> Work instruction:
The whole listing, please: repeat it exactly, with the pictures left out.

(Recorded information Opens)

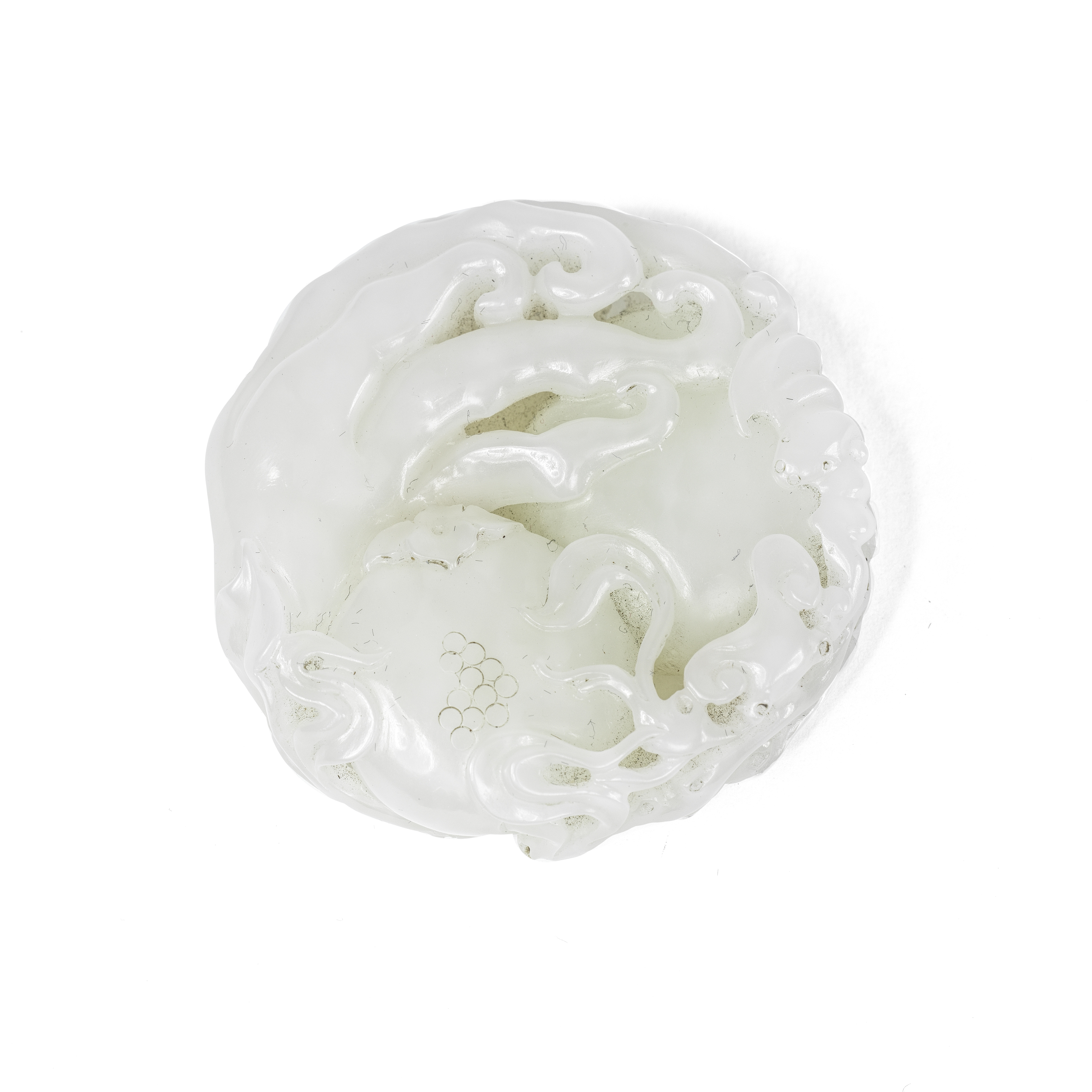 A WHITE JADE CARVING OF AUSPICIOUS FRUITS 20th century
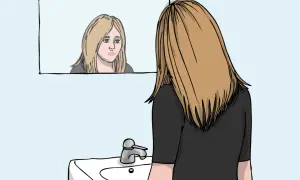 En ung kvinna med blont hår ser sig i spegeln, hennes ansiktsuttryck tyder på oro. Kanske kämpar hon med tankar relaterade till ocd svenska.
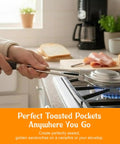 Hand holding Retro 1945 Style Handheld Cast Aluminum Sandwich Maker And Pie Iron Grill over stovetop, cooking toasted pockets.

(Recorded information Closes)

> Answer below:
 A WHITE JADE CARVING OF AUSPICIOUS FRUITS 20th century
 En ung kvinna med blont hår ser sig i spegeln, hennes ansiktsuttryck tyder på oro. Kanske kämpar hon med tankar relaterade till ocd svenska.
 Hand holding Retro 1945 Style Handheld Cast Aluminum Sandwich Maker And Pie Iron Grill over stovetop, cooking toasted pockets.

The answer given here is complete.